** SUPPLIED INFORMATION **
============================================================

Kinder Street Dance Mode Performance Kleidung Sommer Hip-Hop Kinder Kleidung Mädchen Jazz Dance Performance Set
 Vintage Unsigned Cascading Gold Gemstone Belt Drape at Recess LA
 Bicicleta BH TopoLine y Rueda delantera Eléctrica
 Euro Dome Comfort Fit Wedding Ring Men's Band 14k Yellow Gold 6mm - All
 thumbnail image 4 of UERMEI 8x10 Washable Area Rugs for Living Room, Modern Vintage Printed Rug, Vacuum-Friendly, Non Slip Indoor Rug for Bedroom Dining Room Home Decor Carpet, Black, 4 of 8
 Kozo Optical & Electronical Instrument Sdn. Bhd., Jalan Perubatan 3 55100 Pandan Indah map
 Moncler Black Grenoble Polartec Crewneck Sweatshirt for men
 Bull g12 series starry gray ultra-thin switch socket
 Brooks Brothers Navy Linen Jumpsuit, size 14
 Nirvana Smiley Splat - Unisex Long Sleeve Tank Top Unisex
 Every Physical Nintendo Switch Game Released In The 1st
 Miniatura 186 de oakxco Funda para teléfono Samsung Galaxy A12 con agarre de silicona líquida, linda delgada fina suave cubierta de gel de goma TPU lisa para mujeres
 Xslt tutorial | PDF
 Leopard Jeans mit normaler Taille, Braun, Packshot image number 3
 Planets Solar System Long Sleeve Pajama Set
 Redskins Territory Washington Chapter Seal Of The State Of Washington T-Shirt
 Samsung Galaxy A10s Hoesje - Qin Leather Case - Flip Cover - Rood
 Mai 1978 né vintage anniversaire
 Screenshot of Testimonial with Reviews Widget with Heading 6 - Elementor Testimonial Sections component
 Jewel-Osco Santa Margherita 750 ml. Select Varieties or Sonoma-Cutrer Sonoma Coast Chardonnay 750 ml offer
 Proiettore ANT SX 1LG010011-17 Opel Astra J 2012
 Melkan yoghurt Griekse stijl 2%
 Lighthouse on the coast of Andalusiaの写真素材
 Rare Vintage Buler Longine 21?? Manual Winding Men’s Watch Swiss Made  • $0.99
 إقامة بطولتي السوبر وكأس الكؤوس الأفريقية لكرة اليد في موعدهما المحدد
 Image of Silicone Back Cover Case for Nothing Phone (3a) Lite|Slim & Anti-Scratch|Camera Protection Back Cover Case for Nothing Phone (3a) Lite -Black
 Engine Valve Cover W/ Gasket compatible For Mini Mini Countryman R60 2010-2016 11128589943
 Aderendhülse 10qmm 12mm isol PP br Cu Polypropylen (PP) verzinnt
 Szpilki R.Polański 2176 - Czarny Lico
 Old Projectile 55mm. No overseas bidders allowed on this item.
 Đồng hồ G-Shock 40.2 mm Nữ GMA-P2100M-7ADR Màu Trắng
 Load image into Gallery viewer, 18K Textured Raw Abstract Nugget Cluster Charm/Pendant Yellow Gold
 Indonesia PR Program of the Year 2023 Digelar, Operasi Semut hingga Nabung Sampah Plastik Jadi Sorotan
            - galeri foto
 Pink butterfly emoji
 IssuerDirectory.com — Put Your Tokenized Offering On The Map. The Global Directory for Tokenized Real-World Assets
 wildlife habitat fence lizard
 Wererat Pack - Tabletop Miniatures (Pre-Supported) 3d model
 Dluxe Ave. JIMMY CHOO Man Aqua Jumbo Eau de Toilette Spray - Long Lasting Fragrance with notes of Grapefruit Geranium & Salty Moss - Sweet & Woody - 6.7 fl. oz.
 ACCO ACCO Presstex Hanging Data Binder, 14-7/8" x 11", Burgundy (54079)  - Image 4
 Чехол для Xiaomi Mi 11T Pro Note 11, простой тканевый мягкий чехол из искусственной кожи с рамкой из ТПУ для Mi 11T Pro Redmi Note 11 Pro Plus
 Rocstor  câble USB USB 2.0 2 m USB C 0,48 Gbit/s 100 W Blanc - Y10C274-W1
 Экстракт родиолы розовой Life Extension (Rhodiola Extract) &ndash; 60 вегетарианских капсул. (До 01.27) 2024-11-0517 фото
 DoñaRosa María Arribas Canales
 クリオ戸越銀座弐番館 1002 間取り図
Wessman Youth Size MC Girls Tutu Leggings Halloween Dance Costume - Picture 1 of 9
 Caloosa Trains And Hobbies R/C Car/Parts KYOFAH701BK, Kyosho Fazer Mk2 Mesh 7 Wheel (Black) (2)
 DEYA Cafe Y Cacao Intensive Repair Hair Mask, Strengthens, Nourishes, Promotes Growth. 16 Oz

============================================================

** TASK STATEMENT **
Look through the entries and give the number of lines containing the word "Case". Add nothing else.

** RESPONSE AREA **
2